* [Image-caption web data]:
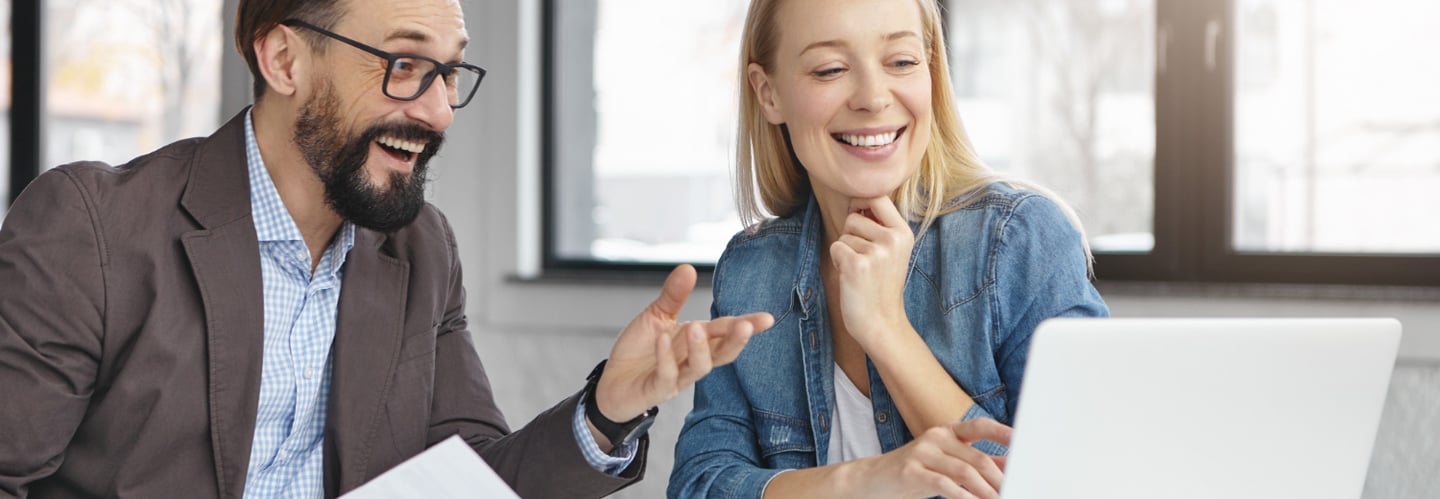 a man and woman sitting at a table with papers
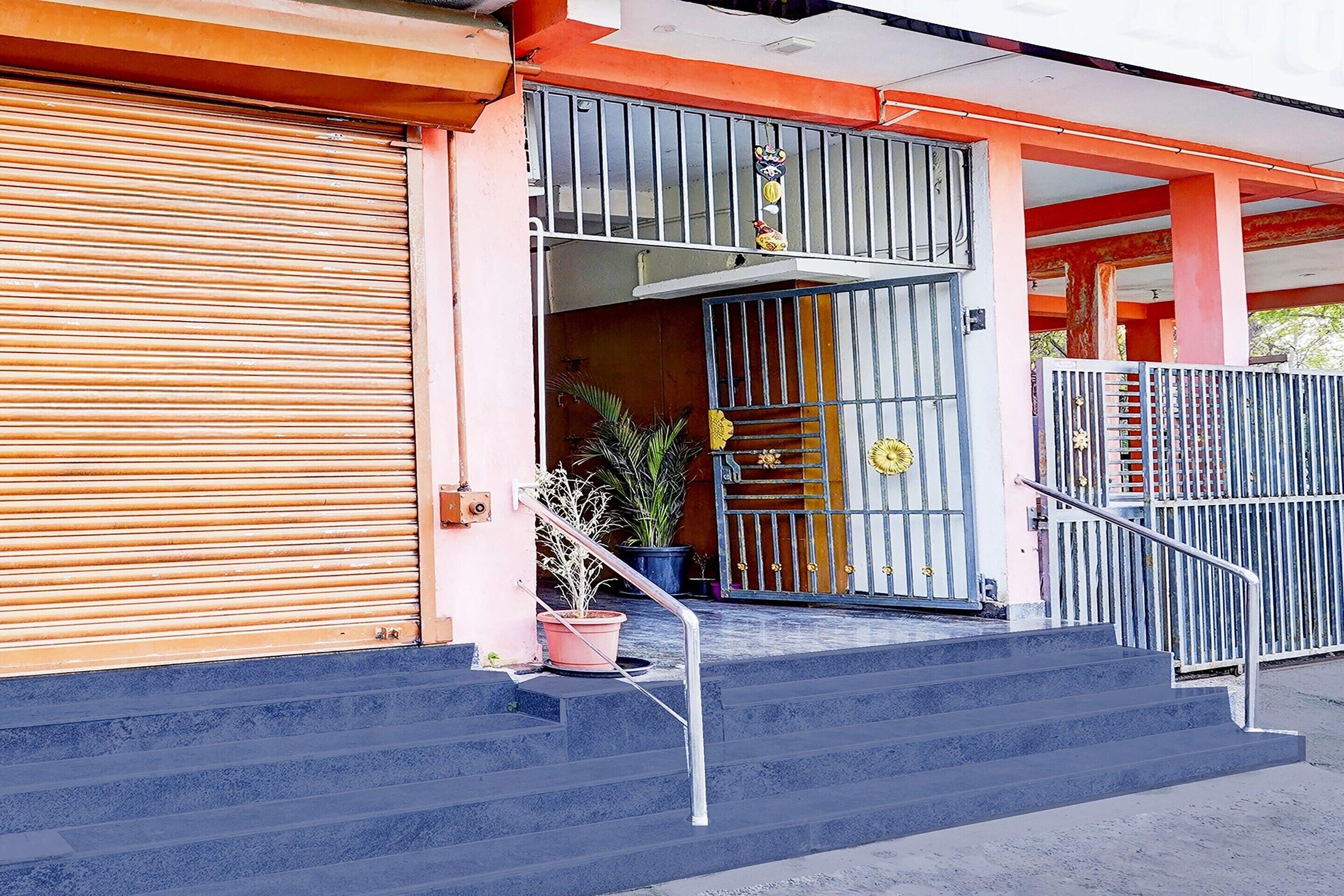A building entrance with a closed shutter, a metal gate, and a staircase leading to the entrance.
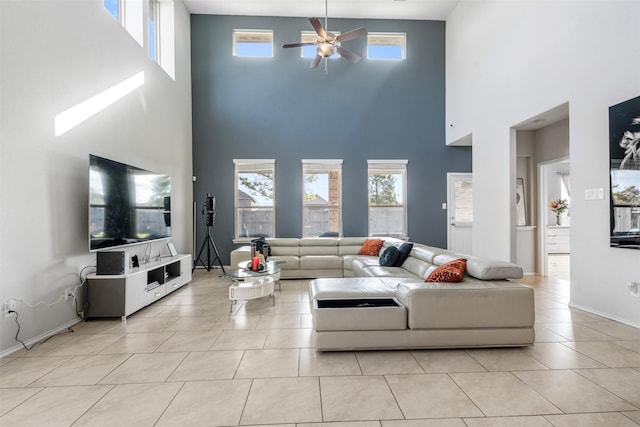 living room featuring light tile patterned floors, a healthy amount of sunlight, and a ceiling fan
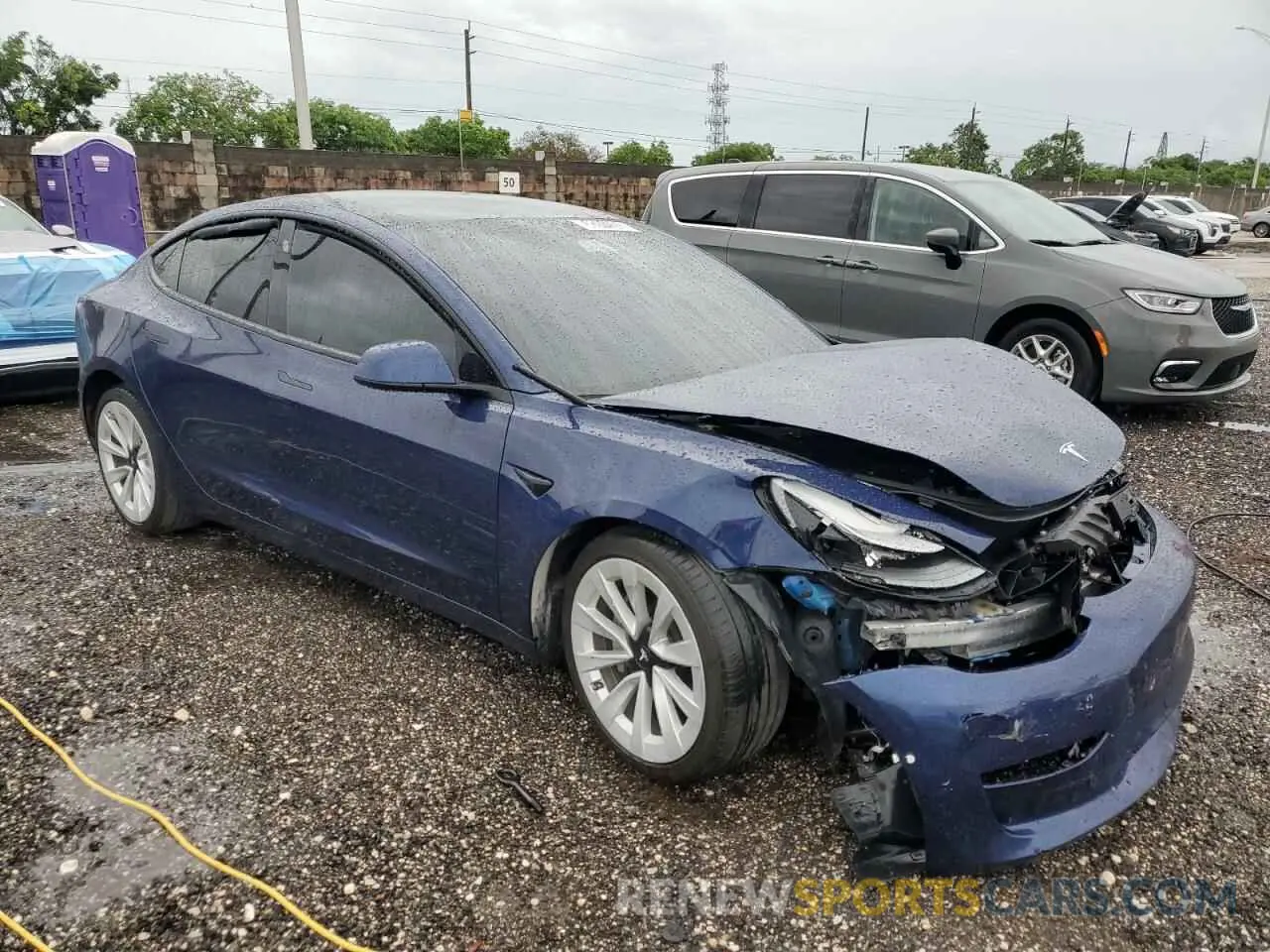4 Photograph of a damaged car 5YJ3E1EB3MF980135 TESLA MODEL 3 2021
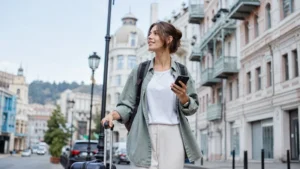 Traveller checking a smartphone on a street in Tbilisi, Georgia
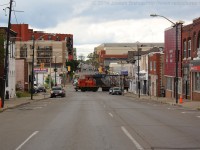 CN 580 breaks the silence in downtown Brantford as CN 4721 blows for Colborne Street on its way to Ingenia.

* [Exercise instructions]:
Skip the pictures, then retype every line above exactly.

* [Output below]:
 a man and woman sitting at a table with papers
A building entrance with a closed shutter, a metal gate, and a staircase leading to the entrance.
 living room featuring light tile patterned floors, a healthy amount of sunlight, and a ceiling fan
4 Photograph of a damaged car 5YJ3E1EB3MF980135 TESLA MODEL 3 2021
 Traveller checking a smartphone on a street in Tbilisi, Georgia
 CN 580 breaks the silence in downtown Brantford as CN 4721 blows for Colborne Street on its way to Ingenia.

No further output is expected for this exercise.